Artist's impression of professional archaeologist doing science.

Enlarge / Artist’s impression of professional archaeologist doing science.

Today we present the third and final installment of my interview with Sarah Parcak, a prominent founding figure in the emerging field of astroarchaeology. Please check out parts one and two if you missed them. Otherwise, press play on the embedded player or pull up the transcript—both of which are below.

We open today’s installment talking about the presentation Sarah made while accepting the TED prize—which came with a million-dollar check to advance her work.
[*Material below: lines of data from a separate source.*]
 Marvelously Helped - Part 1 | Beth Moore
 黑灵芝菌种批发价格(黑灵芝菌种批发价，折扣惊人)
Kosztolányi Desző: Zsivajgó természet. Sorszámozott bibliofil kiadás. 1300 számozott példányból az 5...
Sarah presented in full Indiana Jones regalia, and Harrison Ford turned out to be in the audience, and a rather fun story emerges from that. On a (slightly) related note, Sarah and I also discuss an amazing VR rig the people from The VOID set up at TED that year (fittingly, with a Temple of Doom theme).
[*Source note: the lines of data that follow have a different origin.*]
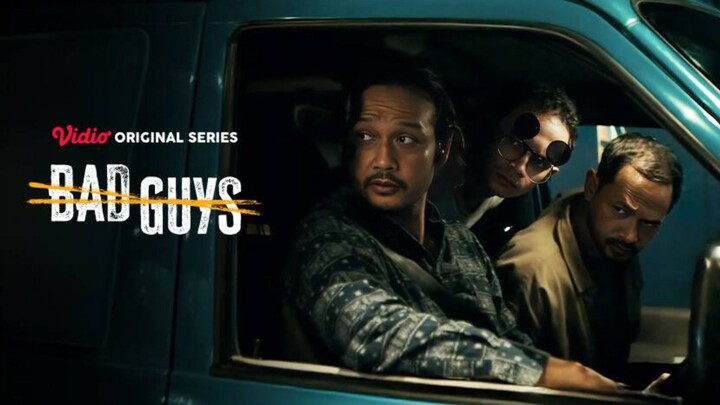 Bad Guys Ep 08 - Masalah Keluarga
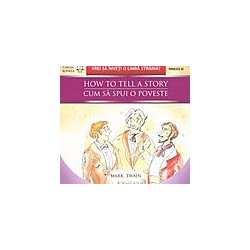 Cum sa spui o poveste. How to Tell a Story. Editie bilingva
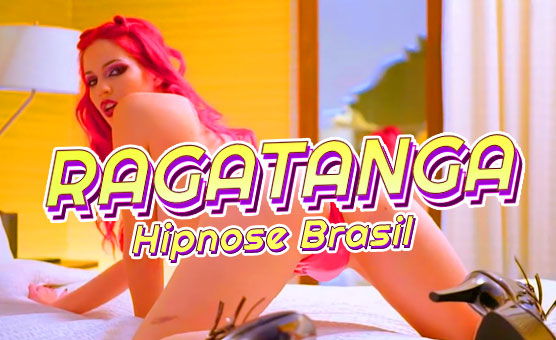 Ragatanga - Hipnose Brasil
Most of today’s installment concerns a crowd-enabled detection project Sarah created with proceeds from the TED Prize. It’s called GlobalXplorer. Partly inspired by Galaxy Zoo, it let armies of “citizen scientists” scan twelve million quadrants of Peruvian satellite imagery for hints of archaeological remains. Tens of thousands of promising features were discovered. This will help the Peruvian archaeology community set its agenda over the coming decade. Sarah’s longer-term goal is to rally enough volunteers to scan the entire globe over the coming decade.